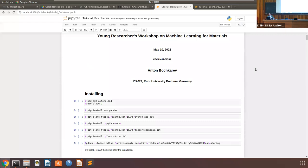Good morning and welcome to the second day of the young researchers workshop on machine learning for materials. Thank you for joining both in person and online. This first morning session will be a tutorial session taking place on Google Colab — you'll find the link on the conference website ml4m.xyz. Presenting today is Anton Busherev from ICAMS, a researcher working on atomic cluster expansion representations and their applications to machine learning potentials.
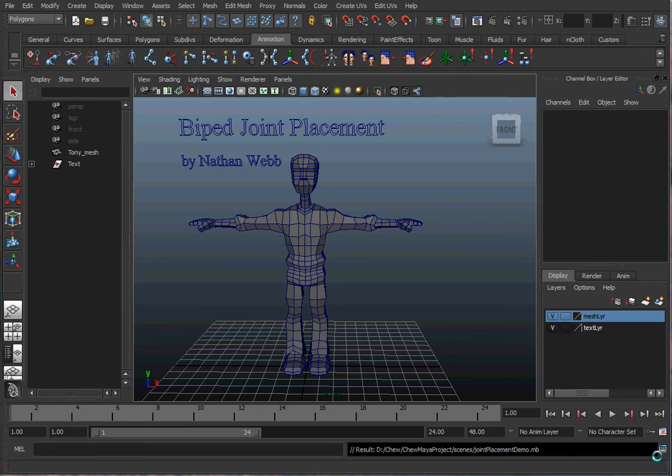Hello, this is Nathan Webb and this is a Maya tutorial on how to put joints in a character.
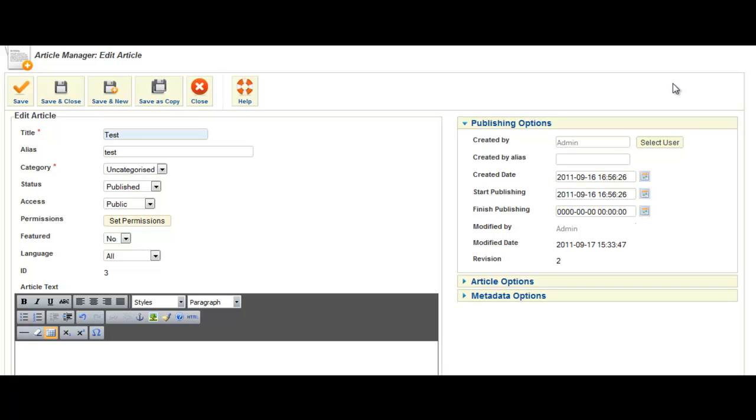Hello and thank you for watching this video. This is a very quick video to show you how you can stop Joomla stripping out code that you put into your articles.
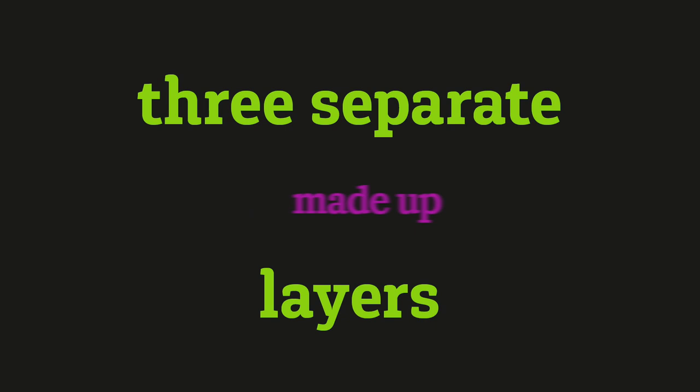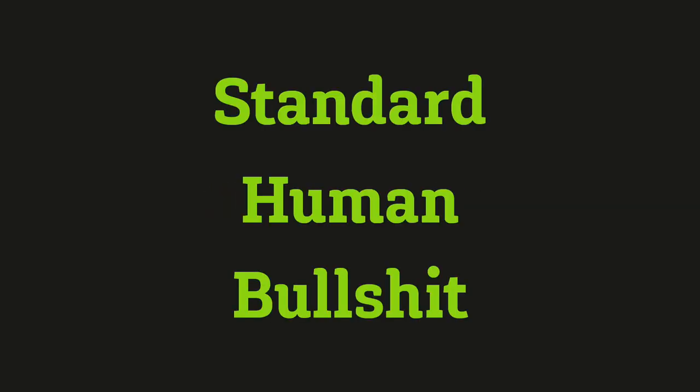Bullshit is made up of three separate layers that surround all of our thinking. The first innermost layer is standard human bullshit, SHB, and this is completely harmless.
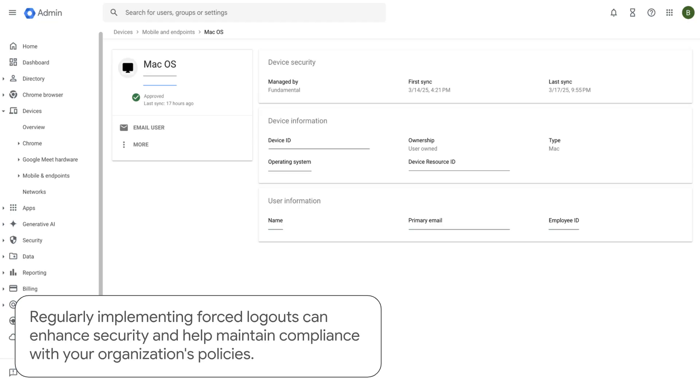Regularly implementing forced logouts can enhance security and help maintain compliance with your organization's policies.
===============
▶ [Exercise brief] Please reproduce the lines above from the one containing "Hello and thank" through the final line, exactly and inclusively, leaving out each picture.

▶ [Answer to this problem]
Hello and thank you for watching this video. This is a very quick video to show you how you can stop Joomla stripping out code that you put into your articles.
Bullshit is made up of three separate layers that surround all of our thinking. The first innermost layer is standard human bullshit, SHB, and this is completely harmless.
Regularly implementing forced logouts can enhance security and help maintain compliance with your organization's policies.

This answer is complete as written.